The verdict according to the sutras, and the great acaryas who have commented on them, is that we are not the ultimate creator of our dreams. God is the creator of dreams and the controller of the law of karma; dreams being one way in which we play out our karma. Moreover, dreams are sometimes divine in that they can be an intervention that transcends karma, although such dreams are very rare. Of course, dreaming about Sri Guru is always auspicious.

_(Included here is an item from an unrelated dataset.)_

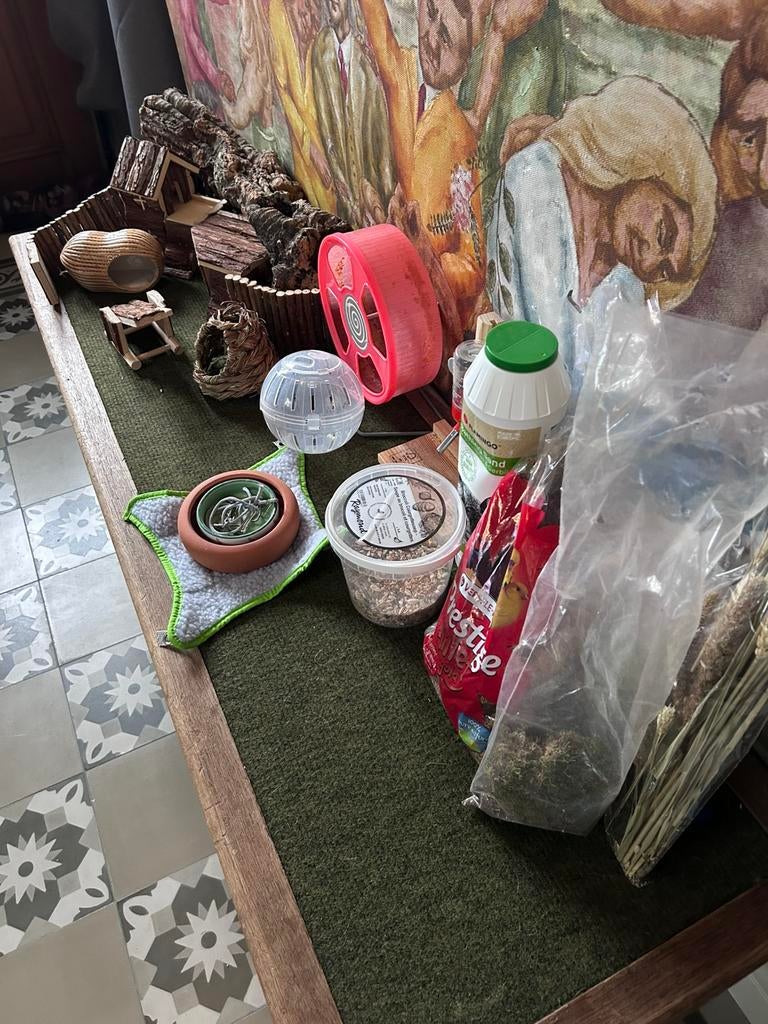 Hamster inboedel zonder kooi, Ophalen, Zo goed als nieuw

However, Sri Baladeva Vidyabhusana’s comments do not address in depth the myriad of issues regarding human psychology and the nature of dreams. As an expression of one’s karma, dreams are usually the result of one’s preoccupation during the waking state. Therefore, Srila Prabhupada generally discounted the significance of people’s dreams, including those of his disciples. In his Krishna book he writes, “This body is exactly like one of the bodies which we always see in dreams. During our dream of sleep, we create so many bodies according to mental creation. We have seen gold, and we have also seen a mountain, so in a dream we can see a golden mountain by combining the two ideas. Sometimes in dreams we see that we have a body, which is flying in the sky, and at that time we completely forget our present body. Similarly, these bodies are changing. When you have one body, you forget the past body. During a dream, we may make contact with so many new kinds of bodies, but when we are awake we forget them all. And actually these material bodies are the creations of our mental activities. But at the present moment we do not recollect our past bodies.”

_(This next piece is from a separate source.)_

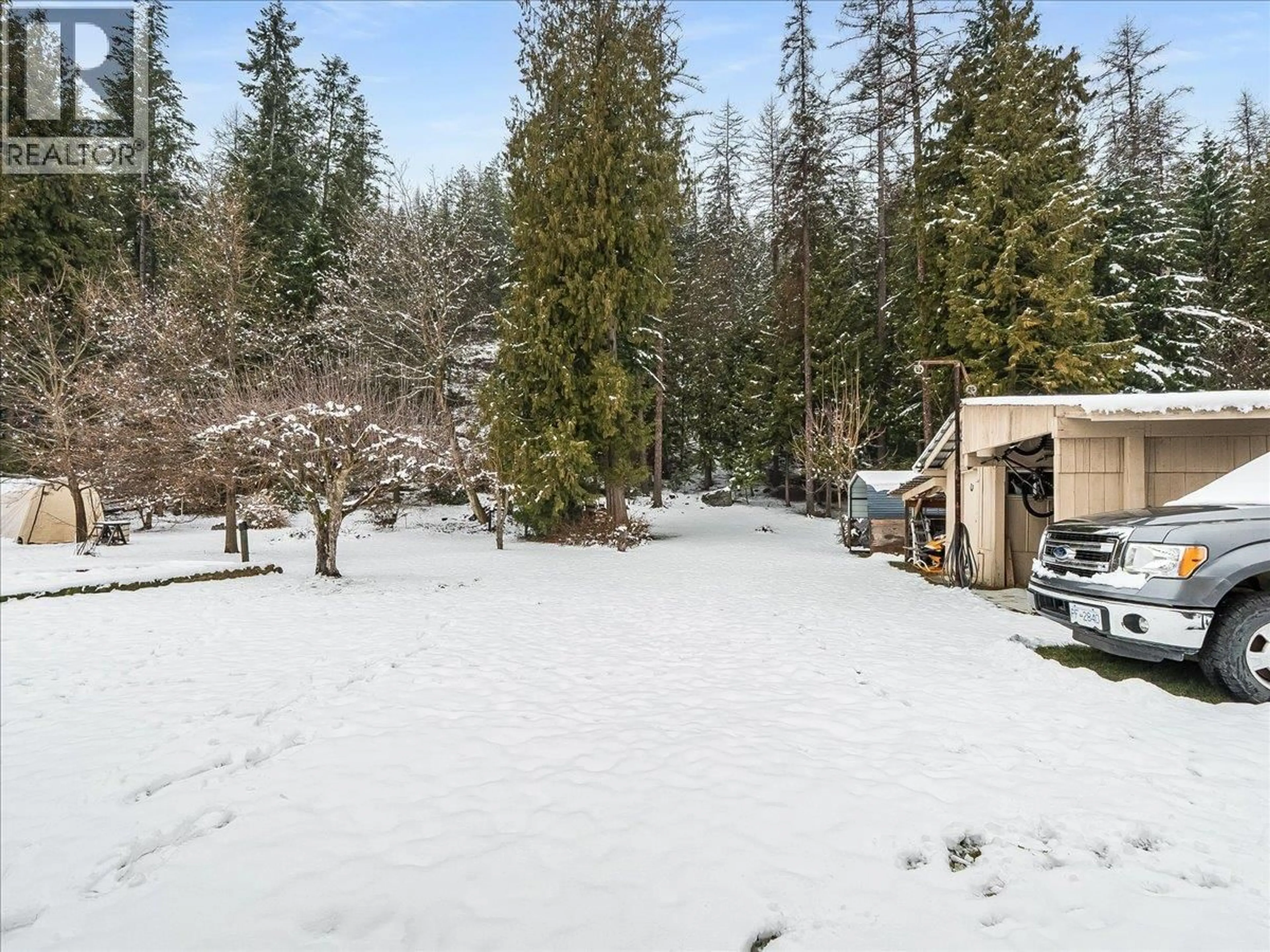 A pic from outside/outdoor area/front of a property/back of a property/a pic from drone, forest/trees view for 2824 9TH AVENUE, Castlegar British Columbia V1N2Z1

Interestingly, the famous Swiss psychiatrist Carl Jung studied dreams and theorized on the connection between dreams and spirituality. Through his influence, Wolfgang Pauli, the great quantum physicist who went to Jung for treatment of depression, also took dreams very seriously. In collaboration with Jung, Pauli sought to bridge the gap between matter and spirit through scientific means. Referring to Plato, they felt that this gap could only be bridged through the application of Eros, or “intense yearning for spirit,” and not just with a dispassionate objective search. In their view a philosopher should have the same passion for truth as a lover has for his or her beloved. Eros, according to Plato, is necessary to get to the transcendental realm of essences beyond time and space. In its fullest expression, Plato’s Eros is the conjugal union between the soul and the absolute, which is the sum of all transcendent qualities like beauty, goodness, etc.

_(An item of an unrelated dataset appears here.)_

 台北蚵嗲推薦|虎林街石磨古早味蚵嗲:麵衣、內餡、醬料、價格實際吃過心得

Jung and Pauli were likely referring to a transcendent ideal akin to what we discuss as impersonal realization. However, Plato’s idea of Eros could also be seen as corresponding to the Gaudiya concept of lobha, or sacred greed, which is the qualification for embarking on the path of spontaneous devotion—raganuga-bhakti. In the Gaudiya view, the absolute is Krishna, who is the repository of all transcendent qualities. Love of Krishna is most fully expressed in the person of Sri Caitanya Mahaprabhu. He is the embodiment of conjugal love of God and through devotion to him we can share in his experience of divine truth, beauty, and love. According to scripture that experience is truly beyond our wildest dreams.